In Yemen, where a fundamentalist Islamic sect represents a large minority of the population that used to dominate the country, the Zaydi (recognised as such by the Iranian Constitution), Iran invests in overcoming the theological gap, to the point of considering the Zaydi as Shia.

But as much as the religious instrument is fundamental for Iranian expansionism, Iran can also develop affiliated forces on the basis of ethnic or religious bases completely alien to Shiism or even Islam, as was the case with some Yazidi militias organised by Tehran in Iraqi Kurdistan.

The Iranian regime has therefore been able to use religion for its expansion and also managed to avoid religion becoming an obstacle to the expansion.

  1. The European theatre

There is no reason to believe that there is a difference in nature between the Iranian Jihadi threat to Europe and the one existing elsewhere. Europe as a whole is naturally less exposed to this threat for its geographic and religious distance to Iran, as well as, and most importantly, for the relative strength of its rule of law, but it is not immune to it.

The normalisation of blunt criminal acts such as hostage taking, not to mention the gruesome slaughter of civilians and the parading of their remains, goes hand in hand with the normalisation of business with the theocracy – and with its political aims. This has been widely evident in the past year following the October the seven pogrom and the European reactions to it.

As I suggested before (Casaca, 2017) the key for the success of terrorism is its ability to provoke a generalised Stockholm syndrome, and this is what I think we have seen, in different tones, across Europe, during the present war against Israel.

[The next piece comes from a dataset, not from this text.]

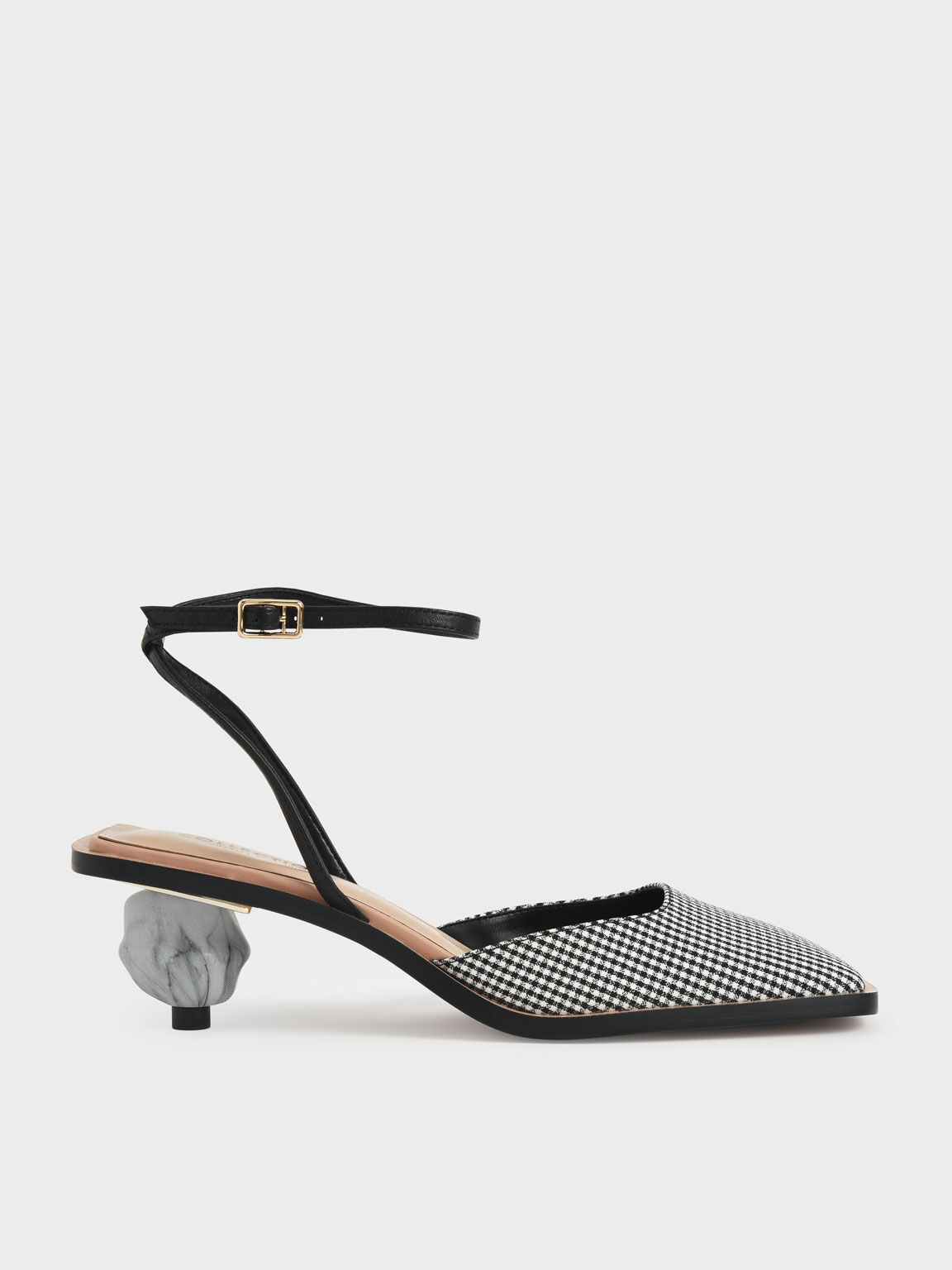 Jacquard & Leather Sculptural Heel Pumps, Multi, hi-res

This is sometimes referred only as ‘information war’, but it is more than this, as the same sort of information tools may produce quite different results in different circumstances. It is psychological warfare, close to the ‘cognitive warfare’ defined by Christian Harbulot (2002).

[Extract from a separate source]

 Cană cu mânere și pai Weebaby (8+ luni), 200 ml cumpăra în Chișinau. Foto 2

As recent history has also taught us, the ‘Stockholm syndrome’ reaction is not a fatality. The way that the German authorities have reacted to the Iranian onslaught shows that there are other possibilities.

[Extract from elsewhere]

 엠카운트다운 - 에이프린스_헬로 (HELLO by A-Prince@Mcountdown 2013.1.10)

Germany, contrarily to other European countries such as France and the United Kingdom, did not announce any arms embargo to Israel – which fundamentally constitutes siding with Iran on its war for the annihilation of Israel – but stated clearly the Israeli right to defend itself.

In the last few months, German authorities started to dismantle Iran’s destabilising presence in German soil. Last July, the authorities closed the most notorious Iranian Jihadi centre, the so called ‘Blue Mosque’ in Hamburg; in October, a broad investigation into the ‘allegations of Terror Recruitment at Berlin’s Al-Mustafa University’ and finally, in November, the authorities announced the closure of all Iranian consulates on German soil, after the assassination of the high-profile dissident of Iranian origin and German citizenship, Jamshid Sharmahd.

Most strikingly, the German Foreign Affairs Minister, Annalena Baerbock, from the German Greens, has been at the forefront of the present resistance to the Iranian Hybrid warfare in Germany. To assess the importance of this, it is noteworthy to take into account that the German Green Party, just two decades ago, under Joschka Fischer, was the main pillar of the theocratic influence in Germany as well as in Europe.

Still, most of the Iranian influence structure in Germany remains intact. For instance, German Universities partnerships with the ‘University of Religions and Confessions (URD)’ an Islamic Revolutionary Guards outfit based in Qom, Iran, continues. It also remains to be seen how solid the new position of the German authorities will prove to be, and weather it will revert to the unprincipled business attitude of the past.

Nothing is therefore settled in the hybrid warfare European theatre, neither what are the best war tools, nor what will be the long-term position of its political and state actors. Most importantly, we cannot predict what will be the outcome to this war, that is now fundamentally waged in the Middle-Eastern soil.

Still, we think we have shown here some important lessons we must bear in mind if we are to win the war of the theocracy against the human values of civilisation.